Шатов в Бога не верует. Он верует в Россию, в ее православие, в тело Христово, верует, что пришествие свершится в России, верует, наконец, и в то, что он будет веровать в Бога, но при всем этом, на прямой вопрос Ставрогина: «А в Бога? в Бога?» — он не осиливает простого и определенного: «да, верую». В сущности, Шатов не верует, а лишь верует, что он верует, т.е. верует не в Бога, а лишь в свою веру в него. Свободной веры в нем нет. Степан Трофимович прав: «он верует насильно».

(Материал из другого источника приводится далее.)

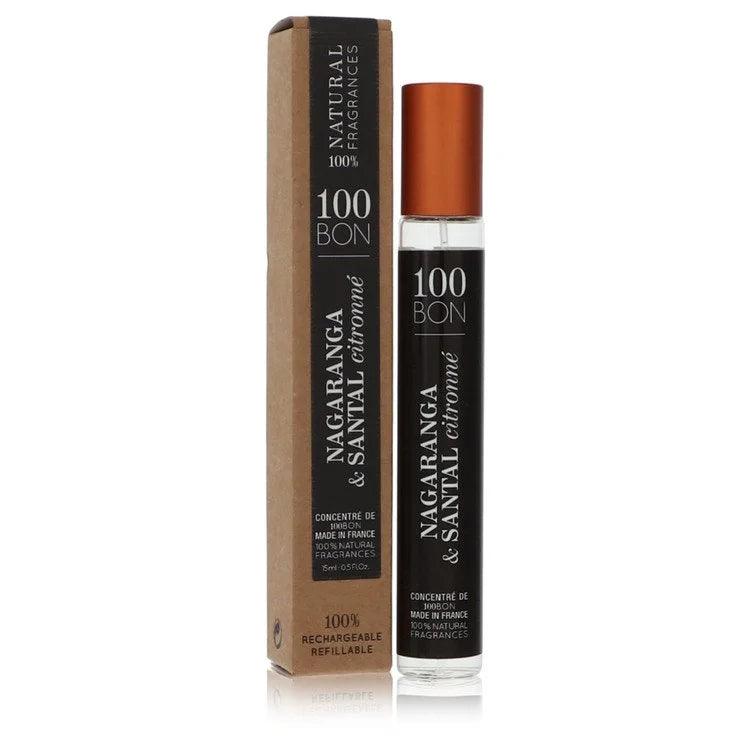 100 Bon Nagaranga & Santal Citronne Mini Concentree De Parfum (Unisex Refillable) By 100 Bon - detoks.ca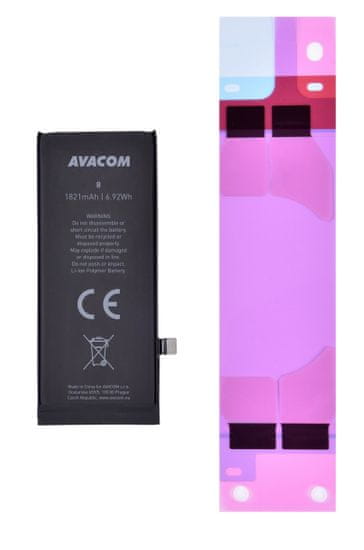 Avacom batéria pre Apple iPhone 8, Li-Ion 3,82V 1821mAh (náhrada 616-00357) GSAP-IPH8-1821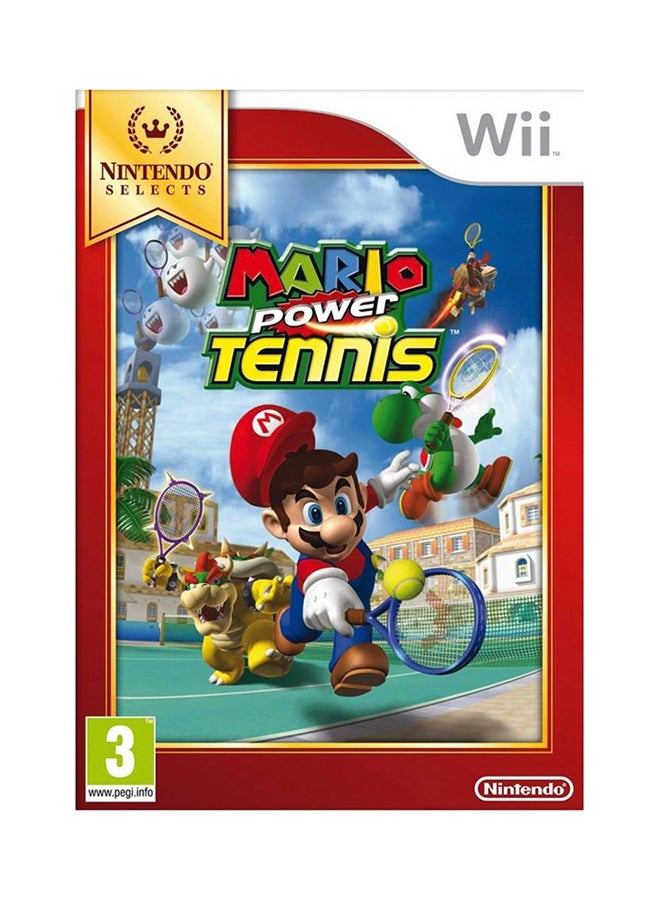 Compare Mario Power Tennis Intl Version  Sports  Nintendo Wii at KSA Price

Прямую противоположность Шатову представляет собою Кириллов. Этот в Бога верует. О его вере знают все окружающие его. Петр Верховенский, который дважды повторяет, что Кириллов «верует еще больше попа» Федька Каторжный, который, заявляет Петру Верховенскому: «Алексей Нилыч, будучи философом, тебе истинного Бога, Творца, Создателя многократно объяснял». Наконец, Николай Ставрогин, который чувствуя в душе Кириллова присутствие Бога, говорит ему: «бьюсь об заклад, что когда я опять приду, то вы уже и в Бога уверуете». О той же богоисполненности Кириллова говорит и обстановка его жизни, и все его душевное настроение. Он живет один. Живет преимущественно ночью. В большом пустом помещении. Часы у него не ходят. А самовар не сходит со стола. Во всех этих деталях чувствуется какая-то смещенность пространственно-временных отношений, которыми всегда охвачена нормальная жизнь людей, чувствуется какой-то странный и художественно изумительно убедительный отголосок великого предчувствия Кириллова, что «времени больше не будет». Он все бесконечно любит, всему (как сам говорит) молится, и все благословляет, «лист, желтый, немного зеленого, с краев подгнивший», «паука, который ползет по стене», пистолеты, из которых он хочет застрелить себя, и футляры из-под них «пальмового дерева», внутри отделанные красным бархатом. В его душе живет бесконечная нежность к людям. Целыми ночами он объясняет Федьке Каторжному Апокалипсис, очень любит детей и играет по ночам в гамбургский мяч с маленькой девочкой, и сам — атеист — зажигает для старухи, у которой живет, лампадку, потому что она любит, а ей некогда. Глубоко религиозен и облик его философских исканий. Он не жаждет нежных мыслей, он жаждет нового созерцания мыслей древних и вечных. Он хочет и умеет чувствовать мысли; «мысль почувствовали? — говорит он Ставрогину, — это хорошо. Есть много мыслей, которые всегда и которые вдруг станут новыми. Это верно. Я много теперь, как в первый раз, вижу». Эти новые прозрения, новые откровения восходят в сознании Кириллова после каких-то выпадов всего его существа из жизни и времени. Когда он начал думать о счастии людей, он остановил часы и запомнил, что было тридцать семь минут третьего, вторник. Понял же он, что все люди счастливы, в среду ночью. По какому же поводу он начал думать? Как протекала его мысль — этого он не знает. «Не помню, так; ходил по комнате... все равно».